In many homes of this period, especially farming homes, the major meal of the day was served at noon. A huge meal would be prepared for those who had been toiling in the fields. There might be a ham taken from the smokehouse (fried chicken was a little less common), or items might be brought in from the springhouse or root cellar where they would have been stored in a relatively cool climate.

The spread of food at noon would be impressive, but so would be the appetites of those who had been laboring in the fields and in the hot sun. After the prodigious meal, the remains would be covered and put in the pie safe, where they would form the basis for the evening supper.

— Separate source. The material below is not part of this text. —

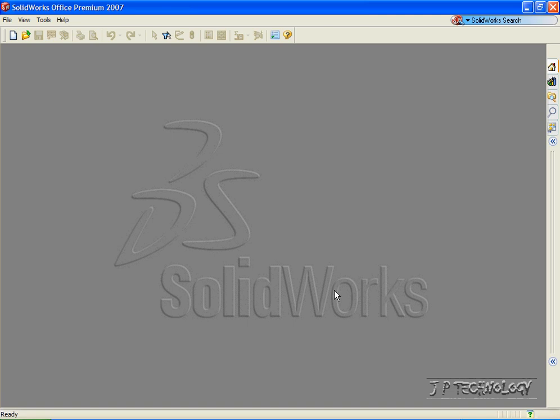This is tutorial number 48 and it covers how to create a bill of materials within SolidWorks. To start off, let's open up a brand new drawing file.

In the late 18th and most of the 19th centuries, families did not go down to the local furniture store and purchase their pie safes. Often times, a craftsman in town would make the piece to order, or dad or grandad would pass the time making a family pie safe during the slow winter months. The tins for the sides and doors would be punched from a design that was in the maker’s head. It might be an eagle, a tree growing out of a sugar bowl or a rooster, or if the maker was a Mason, a design based on Masonic symbolism.

Collectors love these. The folk art design of the tins and the craftsmanship that could sometimes be idiosyncratic, plus the beauty of the wood — usually pine, walnut or in special cases, figured walnut — can be very alluring. Unfortunately, the example in today’s question is a very late example and manufactured. It was probably sold by a retailer such as Sears Roebuck or Montgomery Ward and the tin inserts are machine made and ones we see frequently.

This piece is circa 1900 (somewhat later than the time when iceboxes became available to the general public), and appears to have been made from oak. The piece in today’s question has a retail value of perhaps $750, but it will bring much less if sold by A.H.